Ce livre n'est vraiment pas comme les autres. Vraiment pas. Et sans doute n'en avez-vous jamais lu de semblable.
Ce n'est pas un simple bouquin, un de plus... Non. C'est une oeuvre. A lui tout seul.
Le livre d'un jardinier. D'un vrai. Le livre d'un écrivain. D'un vrai.
170 pages. Une dizaine de points en tout et pour tout. Des virgules, des points virgules, ou rien du tout... Donc un rythme de lecture capable d'essouffler le lecteur à son insu. Un JE qui donne l'impression de s'adresser à un TU, mais n'est-ce pas plutôt le même jardinier qui parle et qui se parle, dans une sorte de monologue miroir du narrateur...
Le tout dans un jardin. Et deux parties. Dans la première, le jardinier vit dans son jardin, et ce jardin vit en lui. Dans la seconde, victime d'une crise cardiaque, le jardinier gît dans son jardin. Alors nous entrons dans la mémoire de cet homme, à travers une foule d'images et de souvenirs, à peine séparés par quelques virgules.

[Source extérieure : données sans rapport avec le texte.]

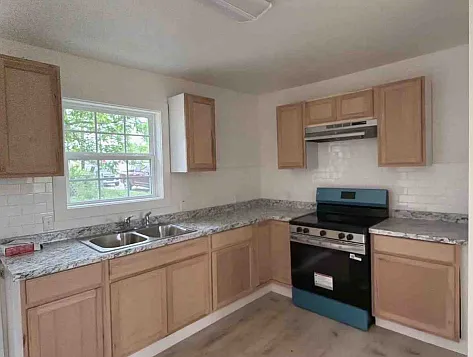 602 S 26th St — Photo 15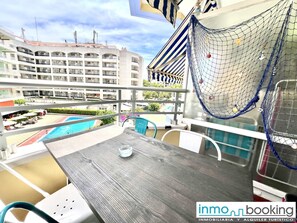 Outdoor dining - New Alboran Salou, heated, pool and wifi (Salou)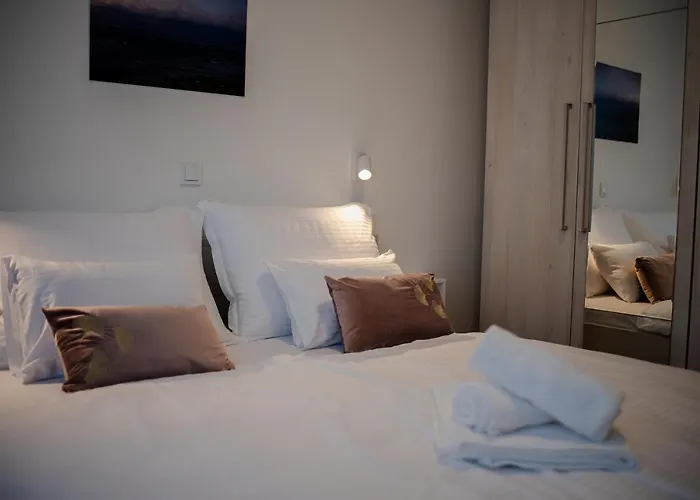 Villa Sportiva With Private Heated Pool *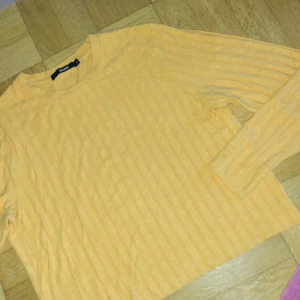 Långärmad tröja - Halv croppad  Super mjuk Använd fåtal gånger Passar som en M eller tight L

Encore un mot : le présent de l'indicatif, d'un bout à l'autre. Comme si ce JE ou ce TU avaient droit à l'éternité. Debout, assis, couché, vivant ou mort, éternellement là. Il n'attend rien. Il est.
Enfin une anecdote. Lucien Suel est nordiste. Donc il m'est arrivé de le croiser, de lui parler, de manger à la même table. Et je me souviens avoir été frappé par le fait qu'il avait refusé de participer à une réunion d'auteurs à laquelle il était convié parce qu'il "avait du travail au jardin, et son abri de jardin à reconstruire entièrement." Et à chacune de nos rencontres j'ai bien du mal à détacher le regard de ses mains. Elles parlent pour lui.